**WHAT IS NEEDED:** In this exercise, return the whole listing exactly, excluding any images.

**DATASET EXTRACT:**
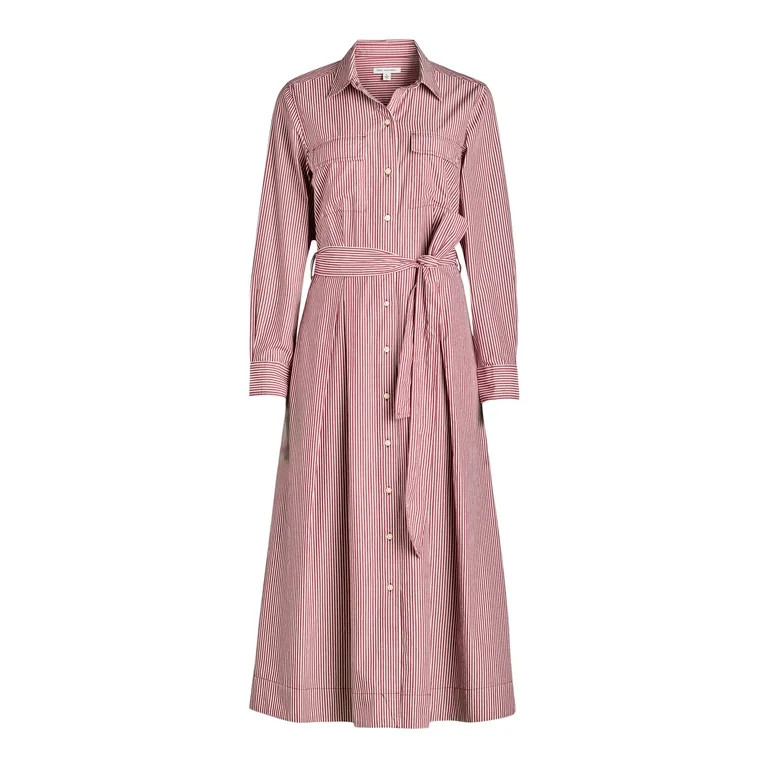 Free Assembly Women's Long Sleeve Belted Maxi Shirt Dress | Walmart (US)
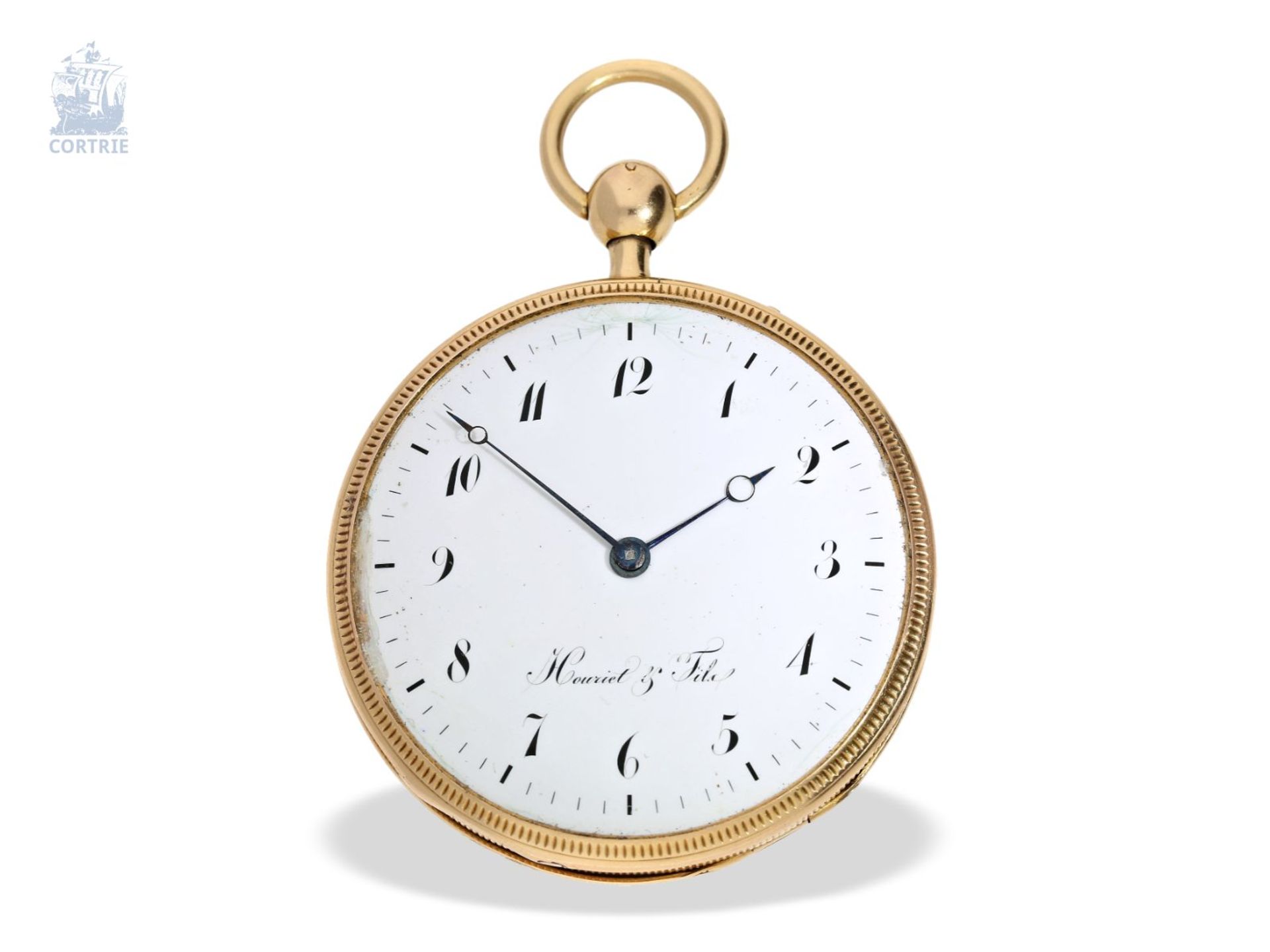 Taschenuhr: hochfeine, große Taschenuhr mit Repetition, 18K Gold, bedeutender Uhrmacher: Houriet & - Bild 5 aus 5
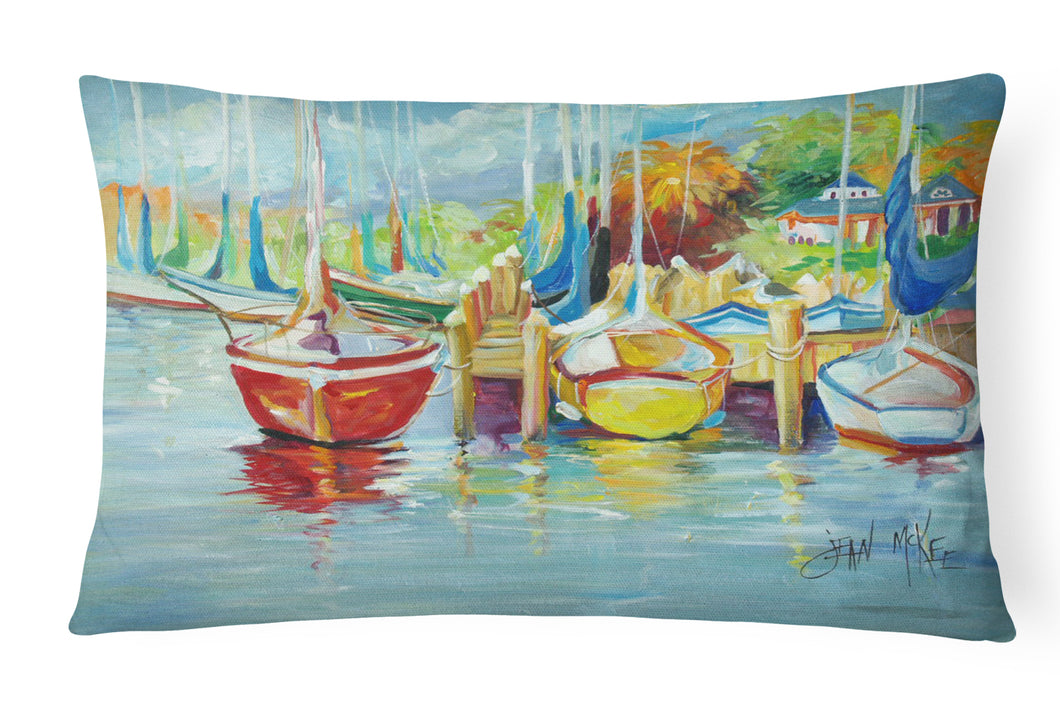 12 in x 16 in  Outdoor Throw Pillow On the Dock Sailboats Canvas Fabric Decorative Pillow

**EXERCISE SOLUTION:**
 Free Assembly Women's Long Sleeve Belted Maxi Shirt Dress | Walmart (US)
 Taschenuhr: hochfeine, große Taschenuhr mit Repetition, 18K Gold, bedeutender Uhrmacher: Houriet & - Bild 5 aus 5
 12 in x 16 in  Outdoor Throw Pillow On the Dock Sailboats Canvas Fabric Decorative Pillow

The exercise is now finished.